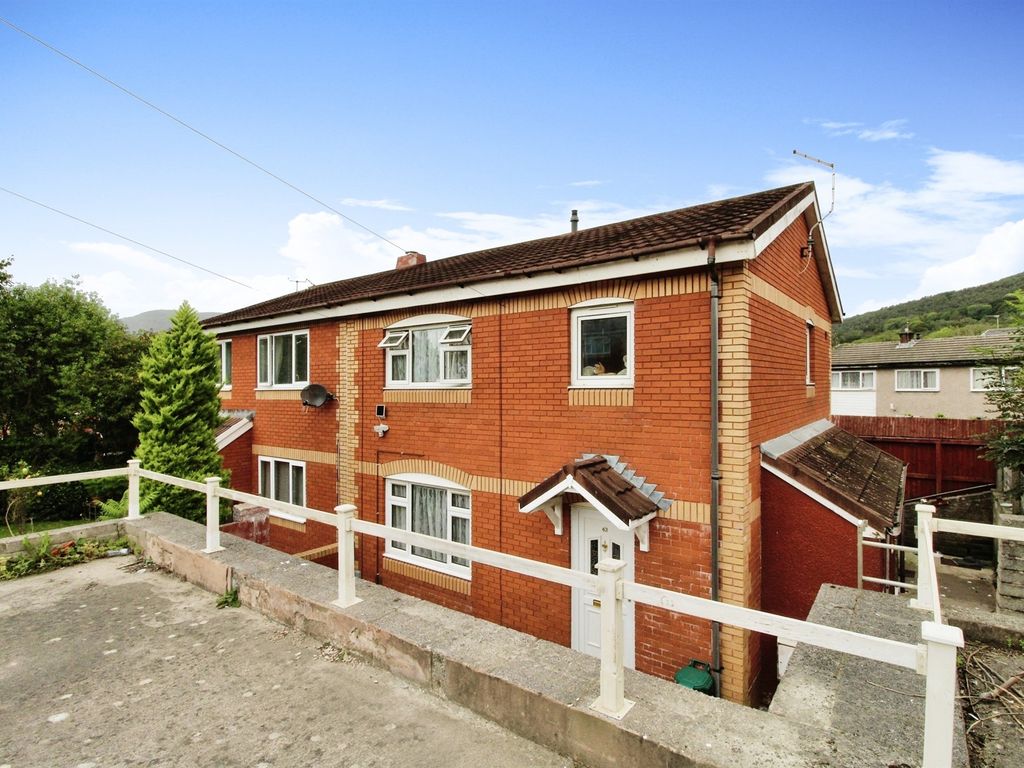 3 bed semi-detached house for sale in Ty Rhiw, Taffs Well, Cardiff CF15, £245,000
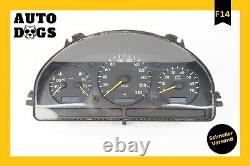W163 ML 230 Speedometer Combo Instrument Speedometer 220KM/H Manual Transmission A1635402047
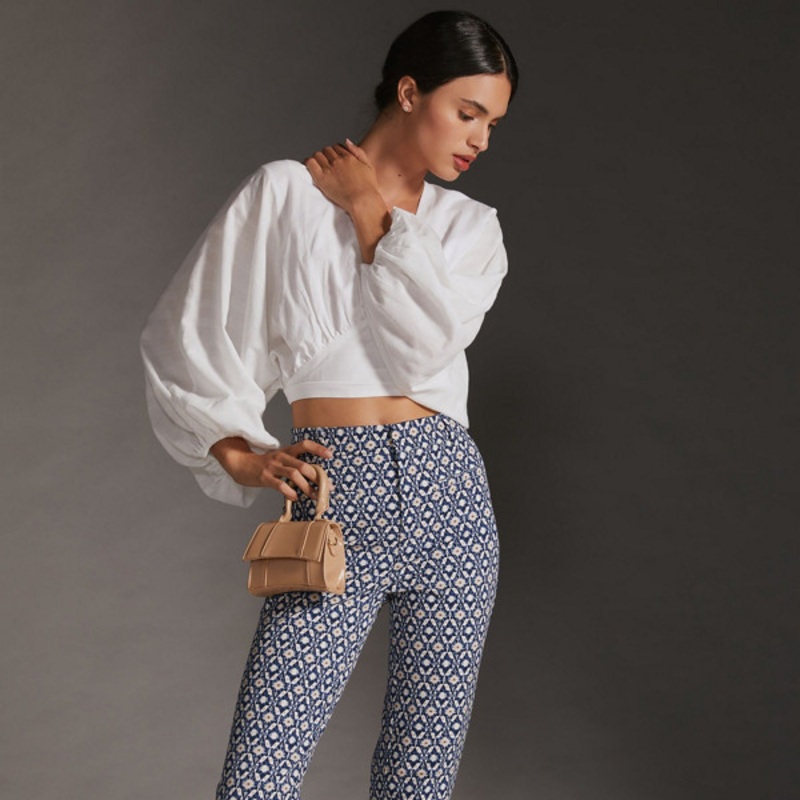 Essential High-Rise Kick-Flare Pants
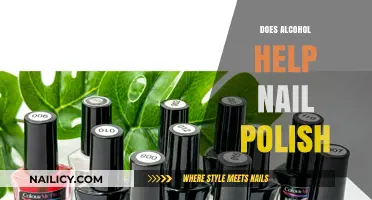 Alcohol and Nail Polish: Myth or Manicure Miracle?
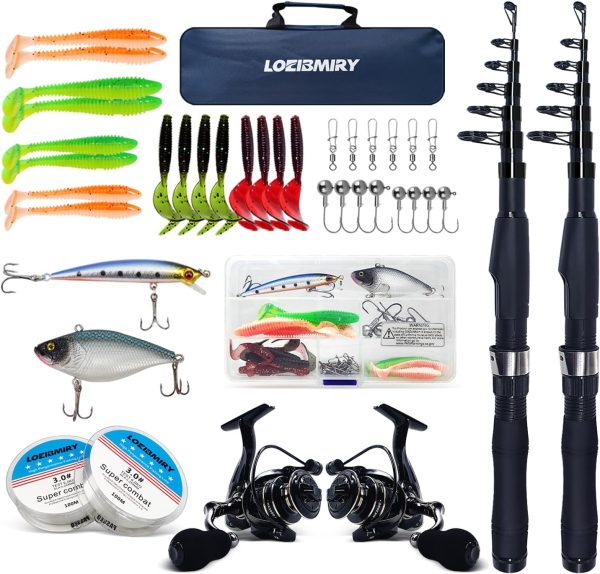 fishing rods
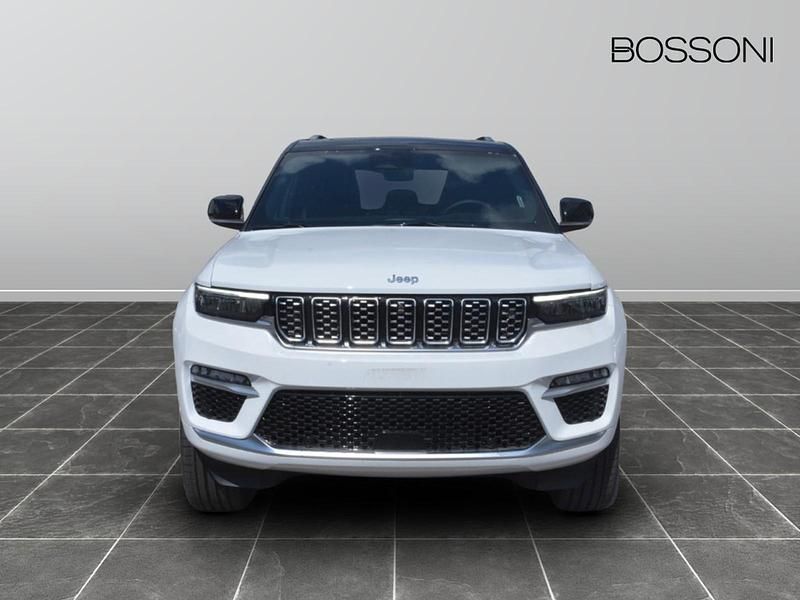 Nuova Jeep Grand Cherokee Summit 380 CV (279 kW) 2025 Bianco SUV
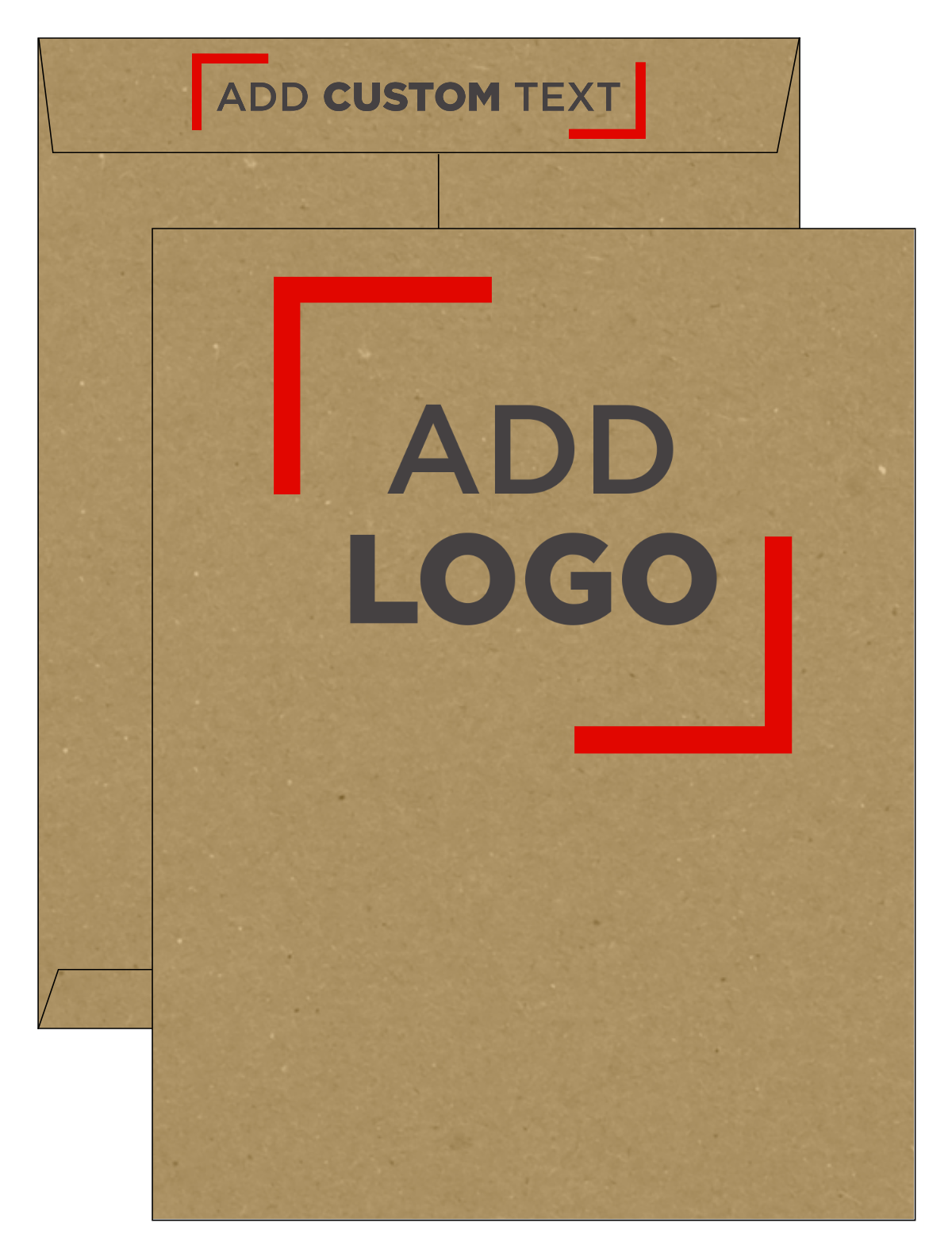 White Tyvek 14lb 10 x 13 Open End First Class Envelopes with Peel & Seal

=====

--- What the task asks ---
Repeat the listing above verbatim, but exclude the pictures it contains.

--- Task output ---
 3 bed semi-detached house for sale in Ty Rhiw, Taffs Well, Cardiff CF15, £245,000
W163 ML 230 Speedometer Combo Instrument Speedometer 220KM/H Manual Transmission A1635402047
 Essential High-Rise Kick-Flare Pants
 Alcohol and Nail Polish: Myth or Manicure Miracle?
 fishing rods
 Nuova Jeep Grand Cherokee Summit 380 CV (279 kW) 2025 Bianco SUV
 White Tyvek 14lb 10 x 13 Open End First Class Envelopes with Peel & Seal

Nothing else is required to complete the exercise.